*Data extract*:
________________________________________
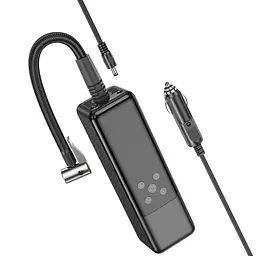 Автомобільний насос Hoco ZP5 May smart air pump Black - мініатюра 2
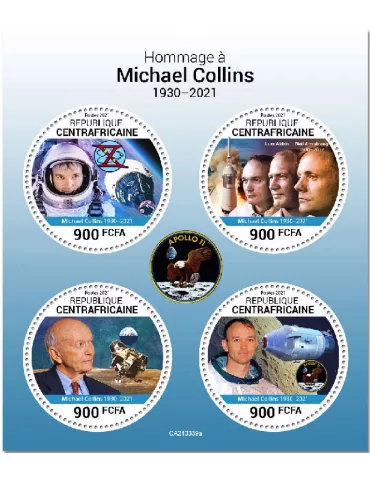 n° 8011/8014 - Timbre CENTRAFRIQUE Poste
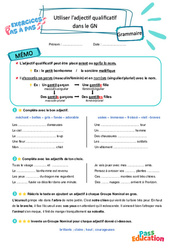 Utiliser l’adjectif qualificatif dans le GN – CE2 – Exercices Pas à Pas - Cycle 2 - PDF à imprimer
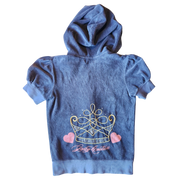 Juicy Couture Royal Blue Shortsleeve Hoodie ( M)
________________________________________
*Assigned task*: Please set down each line of the listing above word for word, skipping any pictures.

*Answer section*:
 Автомобільний насос Hoco ZP5 May smart air pump Black - мініатюра 2
 n° 8011/8014 - Timbre CENTRAFRIQUE Poste
 Utiliser l’adjectif qualificatif dans le GN – CE2 – Exercices Pas à Pas - Cycle 2 - PDF à imprimer
 Juicy Couture Royal Blue Shortsleeve Hoodie ( M)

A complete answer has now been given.